We are newly working as a Splunk license Slave of a Master run by another department at our University. Our update of the Slave from 6.5.3 to 6.6.0 broke the SSL communication:
05-05-2017 12:07:38.980 -0700 ERROR LMTracker - failed to send rows, reason='Unable to connect to license master=https://splunk-license.xyz.edu:8089 Error connecting: error:14094410:SSL routines:ssl3_read_bytes:sslv3 alert handshake failure' 05-05-2017 12:08:39.973 -0700 WARN SSLCommon - Received fatal SSL3 alert. ssl_state='SSLv3 read server hello A', alert_description='handshake failure'.
This makes me sad. Any suggestions for how to get our Master to accept us again?
Looks like I need to learn to read:
Connectivity over SSL between version 6.6 and versions less than 5.0 is disabled by default
Because of changes to the security ciphers in version 6.6 of Splunk Enterprise, instances of Splunk software that run on version 5.0 or less cannot connect to instances of version 6.6 or greater by default.
When you upgrade, any instances that run version 5.0 or less will no longer communicate with the upgraded instance over SSL. To work around the problem, edit inputs.conf and outputs.conf on the sending instances to enable ciphers that allow communication between the instances.
@bgstein - Glad you were able to find the solution.
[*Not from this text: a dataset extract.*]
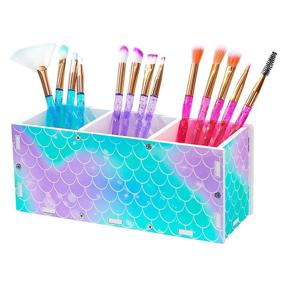 img 4 attached to 🧜 MHJY Mermaid Makeup Brush Holder & Pencil Organizer | Aqua Green | 3 Slots Cosmetic Stationery Storage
Please don't forget to click "Accept" to close out your question so others can easily find it. Thank you.
Interesting - this issue is for compatibility for versions < 5.0 -- we are running thousands of UF instances all v 6.1 or greater (most 6.5+) and still seeing the issue.
So quick followup @aaraneta (hoping you can help) -- I updated the the certs per the 6.6.0 documentation/read-me-first-documentation (via distribution server) on ALL of our UFs/Heavy-Forwarders in an attempt to resolve this and still getting the errors. - we have upgraded our "Heavy" infrastructure remotely (SHs/Indexers/LicServer/Heavy-forwarders, etc) fully to 6.6.0 except for our distribution server (v6.5.2) -->if we cannot talk to UFs instances < 6.6.0 we'll be in a bad place until resolved -- yes we have also remotely upgraded "most-all" of our UFs to v6.6.0, however due to a lag in the cloud with getting our AMI's updated (our lag, not Splunk's) - cannot rely on new-ami-rollout with splunk-6-6.+ for a bit yet, So appreciate any info or feedback to help resolve (no, we have not as yet opened a ticket with support as yet - process tends to less efficient)
Did some quick testing here and it seems that the SSL changes in 6.6.0 broke communications with anything earlier than 6.4.x. I am unable to upgrade all our UF's to the new version, so currently about 1/3 of our environment is "broken". I have a case open with splunk support - waiting for a response.
If I tweak the SSL settings on the DS so it can talk to the forwarders, that breaks SSL with our License Master.